Use-case: Producer/Consumer Channel

An obvious use-case is to model a simple producer-consumer channel.

Say that you have a producer that needs to push events. But we also need some back-pressure, so we need to wait on the consumer to consume the last event before being able to generate a new event.

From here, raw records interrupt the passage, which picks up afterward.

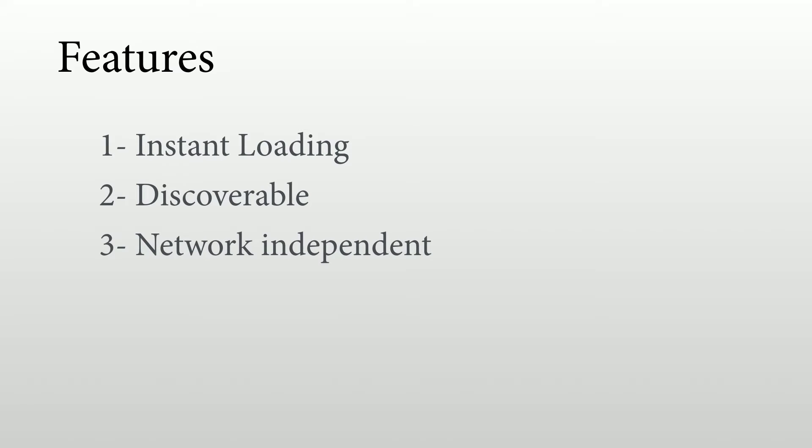It should be network independent, meaning that it should work with a good network connection, a 4G connection that is really working, or a Wi-Fi connection. It should also work where there is no connection, so when the user is offline. And also, it should work with a bad connection.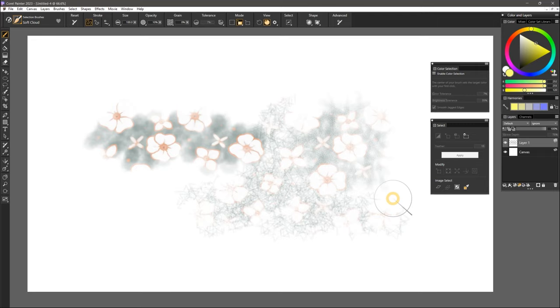That brings us to the end of this tutorial. Comment and let us know what you think about color selection brushes in Painter 2023.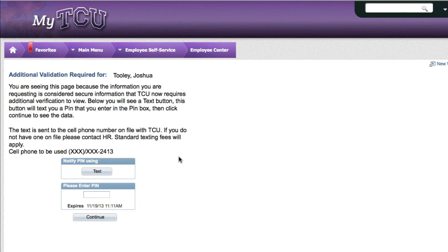If you do not have a number listed here, then we don't have a cell phone on file and you'll either need to come on campus to update that information or you need to contact HR for assistance.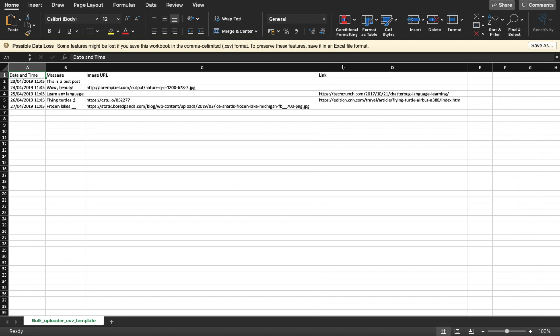The next column is for the message, which lets you add messages or captions to your posts. You can customize messages in various ways. The first type is a text-only post — you write your message or caption in the message column. It can be any text or thought you want to share on your social channels.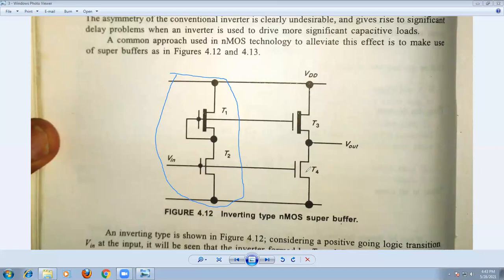Similarly, the gate of the enhancement mode transistor T4 is connected directly to the gate of transistor T2. We take the output at this point. Since it is the inverting type NMOS super buffer, the output is exactly the inverse of the input signal — if you apply 0, you get 1, and if you apply 1, you get 0.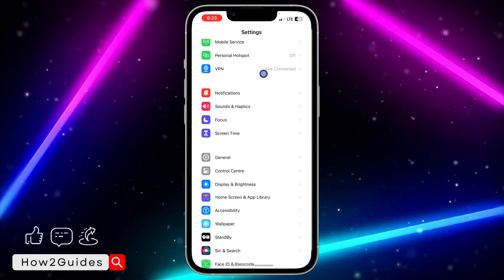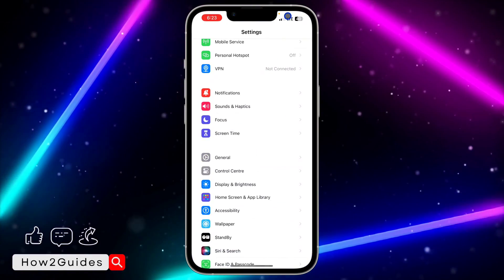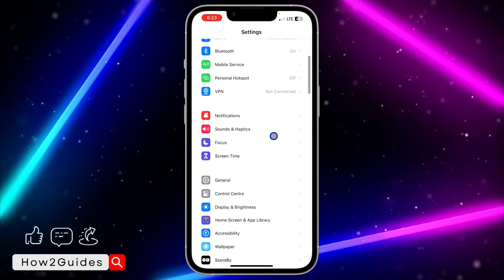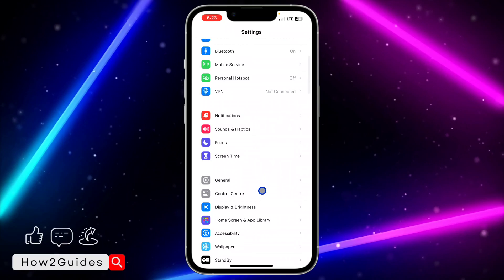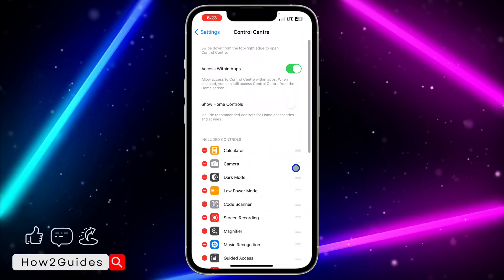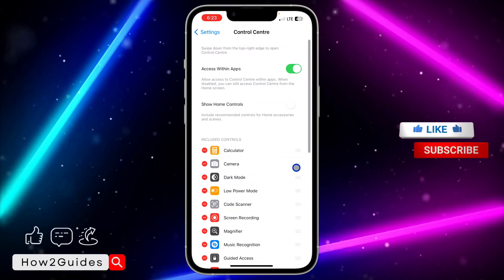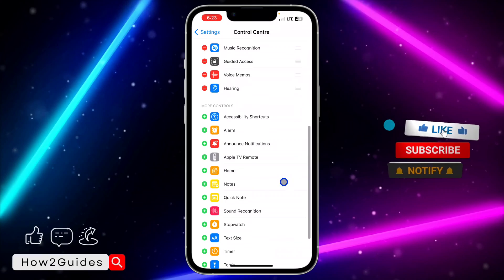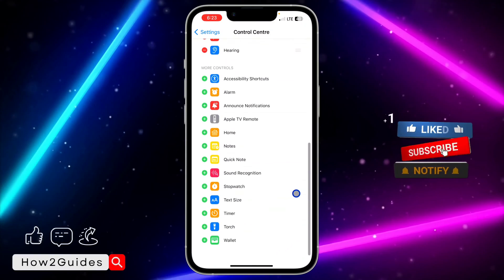The first thing you need to do is head over to your Settings. Once you're in your Settings, scroll down to Control Center and you need to add it to your More Controls, so scroll down.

// Signaling option, because we need to detect completion
type Channel[A] = MVar[IO, Option[A]]

def producer(ch: Channel[Int], list: List[Int]): IO[Unit] =
  list match {
    case Nil =>
      ch.put(None) // we are done!
    case head :: tail =>
      // next please
      ch.put(Some(head)).flatMap(_ => producer(ch, tail))
  }

def consumer(ch: Channel[Int], sum: Long): IO[Long] =
  ch.take.flatMap {
    case Some(x) =>
      // next please
      consumer(ch, sum + x)
    case None =>
      IO.pure(sum) // we are done!
  }

// ContextShift required for
// 1) MVar.empty
// 2) IO.start
// for ContextShift documentation see https://typelevel.org/cats-effect/datatypes/contextshift.html
import scala.concurrent.ExecutionContext
implicit val cs = IO.contextShift(ExecutionContext.Implicits.global)

for {
  channel <- MVar[IO].empty[Option[Int]]
  count = 100000
  producerTask = producer(channel, (0 until count).toList)
  consumerTask = consumer(channel, 0L)

  fp  <- producerTask.start
  fc  <- consumerTask.start
  _   <- fp.join
  sum <- fc.join
} yield sum

Running this will work as expected. Our producer pushes values into our MVar and our consumer will consume all of those values.